I think in three or four years, there are going to be a whole lot more people who don’t think it’s necessary to figure out if you’re gay or straight. It’s like, just do your thing.”
Well, if you Google, “Is Kristen Stewart bi-sexual?“, the front page has a few headlines including “Kristen Stewart Is Bisexual” and “Kristen Stewart Is Not Bisexual.” If you Google, “Does Kristen Stewart like coochie?”, you get a bunch of posts from Dlisted, a shady site you should never trust. So I’m more confused than ever. Googling her didn’t clear anything up! But wait..
Nylon also asked the mouth breathing definition of ANGST if she still talks to Robert Pattinson and she said:
“That’s not something I would ever talk to the fucking public about—that’s crazy.”
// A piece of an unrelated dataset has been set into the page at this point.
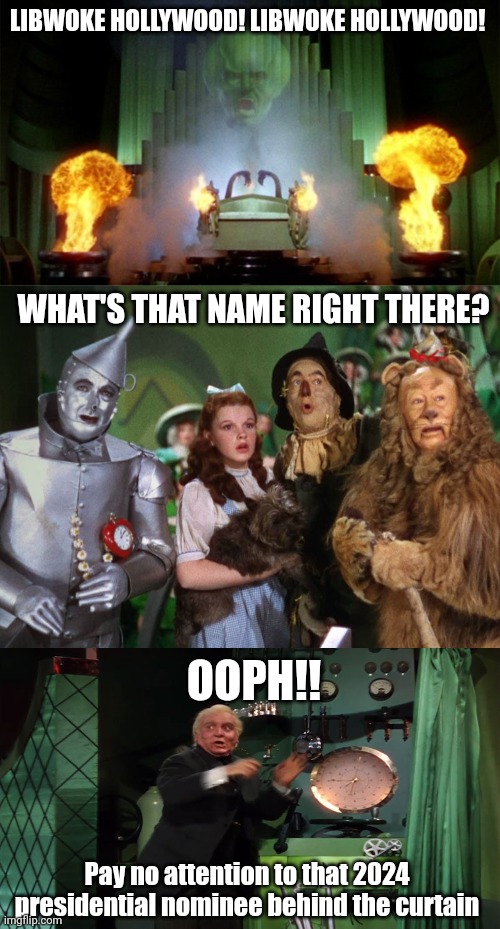 Crazy like Kari Lake lmao | LIBWOKE HOLLYWOOD! LIBWOKE HOLLYWOOD! WHAT'S THAT NAME RIGHT THERE? OOPH!! Pay no attention to that 2024 presidential nominee behind the curtain | image tagged in lmao,lolz,wizard of oz,jeffrey epstein | made w/ Imgflip meme maker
Hmmm… KStew didn’t talk about RPattz, because if she did, a sparkle would pop up in her blank eyes and she’d melt into the chair while thinking about the baby they’re raising together in secret in a hidden cabin in the woods. #RobstenIsStillUnbroken. We’re on to you, KStew!
UPDATE: Kristen Stewart’s mom told UsWeekly that she talked to the Mirror about her movie and other stuff, but didn’t say anything about what her daughter’s chocha is up to nowadays. Jules Stewart claims that she only said that Alicia Cargile is a “lovely girl” when asked if they’ve met. Uh huh.
Kristen Stewart has apparently been bumping hipster hobo ‘ginas with her personal assistant Alicia Cargile for a while, but her mouth lips haven’t commented on the adventures of her other lips and probably because she figures those pictures of them holding hands is proof enough that they’re together. Besides, KStew doesn’t need to say it when her mother can do it for her. THANKS MOM!
The Sunday Mirror claims that they interviewed KStew’s mom, writer/director Jules Stewart. At first they talked about the wolves Jules raises on a ranch in Santa Monica. (So yeah, if you’ve ever said that KStew acts like she was raised by wolves, you were right!) But then they got to talking about who’s currently munching on KStew’s coochie box in a Mini Cooper. Jules confirmed that KStew is with Alicia now.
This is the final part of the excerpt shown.